By Staff Report
March 14, 2018
at 1:02 pm
Charles “Charlie” Strang, a former NASCAR national commissioner, died Sunday. He was 96.
Strang succeeded Semon E. “Bunky” Knudsen as NASCAR commissioner in 1998 and served in that position for 10 years. Before his time in stock-car racing, he served as the top engineer for Mercury Marine owner Carl Kiekhaefer, who promoted his outboard motor company through a successful racing team.
Strang, who later served as director of Outboard Marine Engineering, was credited with inventing the sterndrive engine. The boating technology stemmed from sketches he made as a student at MIT in 1948.

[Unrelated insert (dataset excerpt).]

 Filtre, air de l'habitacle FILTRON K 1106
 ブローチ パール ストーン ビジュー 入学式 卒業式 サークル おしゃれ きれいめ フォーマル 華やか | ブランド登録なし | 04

“Charles Strang joined NASCAR following a long tenure as an executive at Outboard Marine Corp., where he built a well-deserved reputation as a respected leader with a reasoned and measured voice,” NASCAR Chairman and CEO Brian France said in a statement. “He used those skills expertly in our sport for many years, holding the post of NASCAR National Commissioner for more than a decade.
“Charlie was a valued friend and resource to both my father and I, and to many throughout NASCAR. On behalf of the France family and all of NASCAR, I would like to extend my deepest condolences to Charlie’s wife Barbara, his entire family and his many friends.”
Strang was also an influential leader in the world of boat racing. He was president of the UIM, an international governing body for powerboat racing, and also headed the American Power Boat Association.